I believe I've more or less fully grasped the explanation of what Show[] 
now does in 6.0 that's been repeatedly restated in all the recent and 
earlier responses to all the repeated plaintive posts about ""Why 
doesn't my plot appear?!?"  --- and this explanation actually make 
reasonable sense to me. 

[It's less obvious, however, how someone is suppose to know that 
Print[]; _will_ print something on screen, but Show[]; _won't_ show 
anything on screen.  Read the Helps for these two commands and see the 
help pages make this obvious to you)

I'm less sure that these expert respondents -- and also WRI -- have 
grasped _why_ these recurrent queries keep recurring; so led me add a 
few (5 actually) responses myself on that point (though it will make for 
a long post):

1)  I suggest the primary problem is a deeper, long-standing, and quite 
understandable misunderstanding of compound expressions, and especially 
the role of semicolons in compound expressions.  

To quote, for example, from one of the recent "Plot and Show[]" 
responses, posted by someone who's often on this group:

> In general, a semi-colon is used to separate the parts of a compound 
> expression

Well, the correct response to that response is "NOT!", right?  Or at 
least, "not entirely".  

That is to say, is the primary function of a semicolon to separate the 
parts of compound expressions? -- or is it to suppress output from an 
expression?  And is it always necessary between two expressions?

I've thought for all my years with Mathematica that you _had_ to put 
semicolons between two successive expressions on the same line or in the 
same cell, except for the very last line in the cell.  And, I guess I 
deduced that this made sense and was necessary because logically you 
always needed to be clear where one expression ended and the next one 
began.

Given this, I would never have believed that giving as input, on a 
single line and in a single cell, the following

   a = Plot[x, {x, 0, 1}];  b = Plot[x^2, {x, 0, 1}];  a  b

would be a legal input -- until I tried it a couple of minutes ago.

But wait a minute!  Aren't a and b now expressions (separately)?  So, 
don't they require a semicolon between them, to separate them?

[In fact, I just tried the above input with  a + b  and then  a * b at 
the end of the line -- and they all worked exactly the same as just 
a b . WOW!!!]

Semicolons need explaining and understanding!

2)  So, where would an innocent but intelligent Mathematica user go to 
unravel these mysteries.  I'd issue a small challenge:  Don't explain 
compound expressions and semicolons to me.  Show us -- show me -- in 
detail how a novice could learn the at least the essential elementary 
rules of compound expressions and semicolons FROM THE CURRENTLY 
AVAILABLE MATHEMATICA 6.0 DOCUMENTATION.

[And, see if the Help for ";" comports with the results I just 
experienced in the preceding.]

3)  And then think a little deeper:  Ask yourself, WHY do these 
recurrent queries about Show[]keep recurring so recurrently?  

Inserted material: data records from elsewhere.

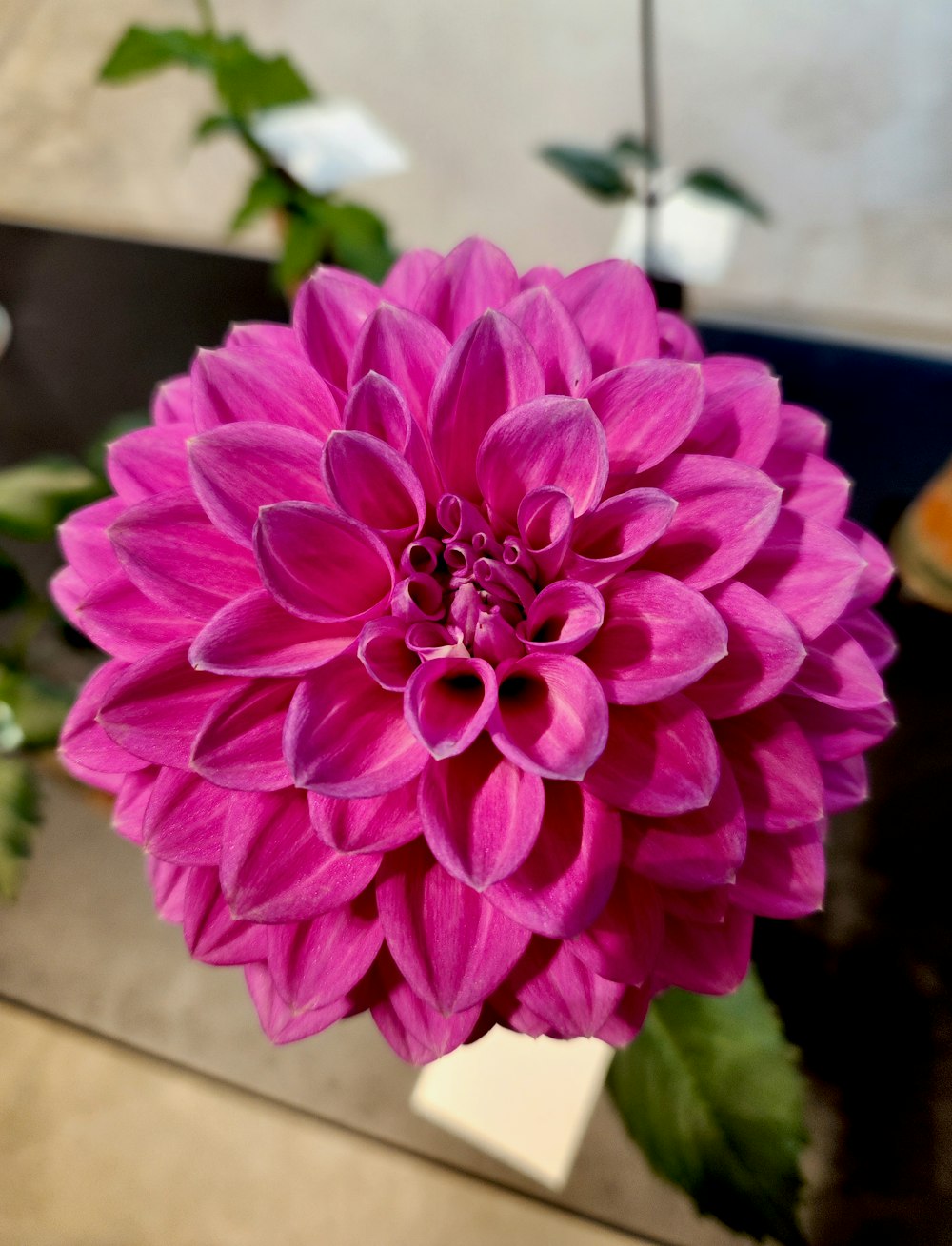 une grande fleur rose posée sur une table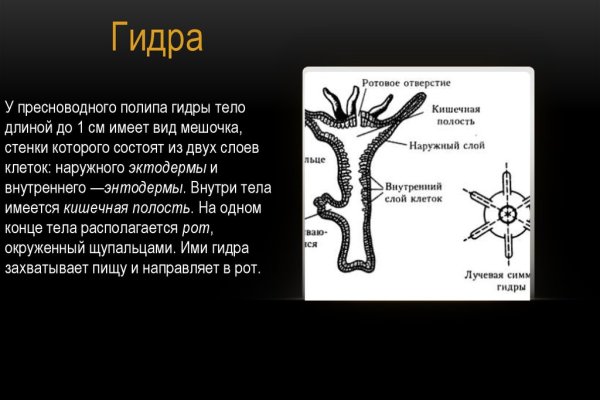 Как восстановить кракен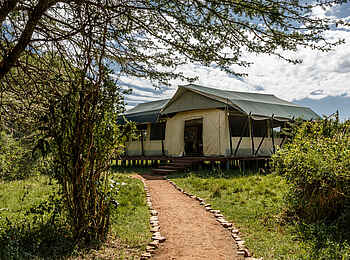 Porini Amboseli Camp: Weg zum Gästezelt Porini Amboseli Camp: Weg zum Gästezelt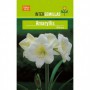 Bulbo Amaryllis Blanco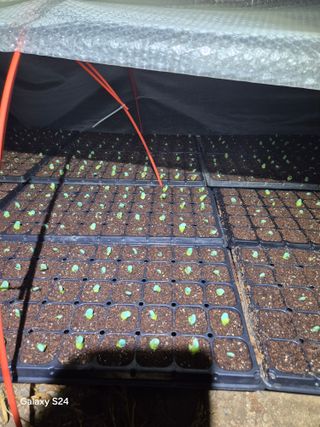 김명관 님의 기타작물 · 영농일지 작성글 사진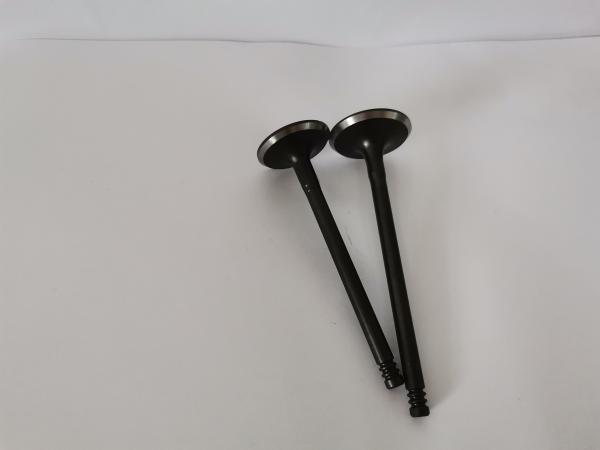 Steel Car Engine Intake Valve for Gm Astra / Vectra / Zafira 2.0l / 2.2l / 3140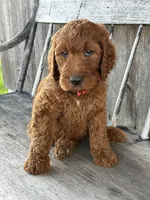 Brooklyn, a female Irish Doodle for sale in Wooster, OH – 10 of 10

Could it just be because the _documentation_ provided for 6.0's 
introduction, and for the massive changes it introduced, has not been 
adequate in explaining or warning about these sizable changes for a 
large class of users???

Let's just leave that thought to simmer for a while . . . 

4)  OK, now having understood the new character of Show[], what should 
users do if they want to really show some graphics -- have them appear 
on screen -- in the middle of a long compound expression.  

Respondents keep suggesting that one should Print[] the graphics.  OK, 
that works, of course -- but it's a poor solution, among other things 
because Print[] messes with the sizes at which the graphics are 
displayed, in a way that doesn't always match with what's expected.  
Something better is needed.

5) Finally, to respond on a quite different aspect of Show[] that's also 
been the subject of a thread recently:

Go to the Help for Show[], where you'll read:

      Show[g1,g2]  . . . concatenates the graphics primitives in the
      gi, effectively overlaying the graphics.

and then try

      a = Plot3D[x y, {x, 0, 1}, {y, 0, 1}]; 
      b = Graphics3D[{Red, Thickness[0.01],
             Line[{{1/2, 1/2, 0}, {1/2, 1/2, 2}}]}];

followed by Show[a, b]  and then  Show[b, a].  Evidently, 
Show[a,b] =|= Show[b,a].

I guess I grasp what happens here, don't need an explanation, and can 
sort of understand, yeah, that's what "concatenate" gives you.  But it's 
a lesson on how careful you have to be with these things.

That's it for the 5.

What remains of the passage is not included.